AKP ve Tayyip Erdoğan’ın uyguladığı basın akreditasyonunu, medya özgürlüğü açısından nasıl değerlendiriyorsunuz?
Başlı başına bir ayıptır. Bu ayıbın Avustralya’ya kadar taşınması daha büyük bir ayıp. Bu tür tavırlara karşı durmak gerekir. Avustralya’da değil basın kartı, vergi kayıt numarası olan medya mensupları, haber yapma hakkına sahiptir. Hiç kimsenin basına böyle müdahale hakkı yoktur. Hiç değilse vatandaş olarak orada bulunma hakkı vardır. G20 toplantısında Başbakan Davutoğlu ekibinin ZAMAN’ın temsilcilerine yaptıkları, sadece basına değil, insanların kişisel haklarına da yapılmış bir saldırıydı. Bunun bir zamanlar, “Hak istiyoruz” diye inleyenler tarafından yapılması çok acıdır. Ama hem hak arayacaksınız, hem de insanların haklarını ihlal edeceksiniz; olamaz böyle şey.
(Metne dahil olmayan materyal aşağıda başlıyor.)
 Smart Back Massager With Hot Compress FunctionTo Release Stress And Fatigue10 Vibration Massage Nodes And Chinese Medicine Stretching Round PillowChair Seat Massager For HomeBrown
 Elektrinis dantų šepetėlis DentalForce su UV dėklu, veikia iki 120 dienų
Akreditasyon gölgesinde Başbakan Davutoğlu, Brisbane’da işadamlarıyla bir araya geldi. Siz de katıldınız. Nasıl geçti?
Sayın Başbakan, 200’e yakın bir heyetle G20 zirvesi için, Avustralya’ya geldi. İşadamlarıyla görüşme toplantısında bir konuşma yaptım. Ben de söz aldım. Dedim ki; ‘Fazla söze ihtiyacımız yok. Bize davranışlarınızla örnek olun. Dört tane bakanınız akçeli işlere girdikleri için tarafınızdan açığa alındılar. Ya onları görevlerine iade edin; ya da hukuka teslim edin. Ayrıca G20’de 200 civarındaki Türk heyetinin içinde muhalefetten hiçbir yetkili yok. CHP, MHP, HDP gibi partilerden de hiç değilse bir temsilci olmalı değil miydi’ diye sorunca, Davutoğlu; “Bu sadece yürütmeyle ilgili bir toplantı.” dedi. Ama Alman Başbakanı muhalefetten milletvekillerini yanında getirmişti. Bunu Merkel yapıyor da siz niye yapmıyorsunuz? deyince “Bunu bir inceleyeyim, size döneceğim” dedi, hala dönecek.
Avustralya İşçi Partisi’nin de yönetimindesiniz. Bu ülkede nasıl tanıştınız siyasetle?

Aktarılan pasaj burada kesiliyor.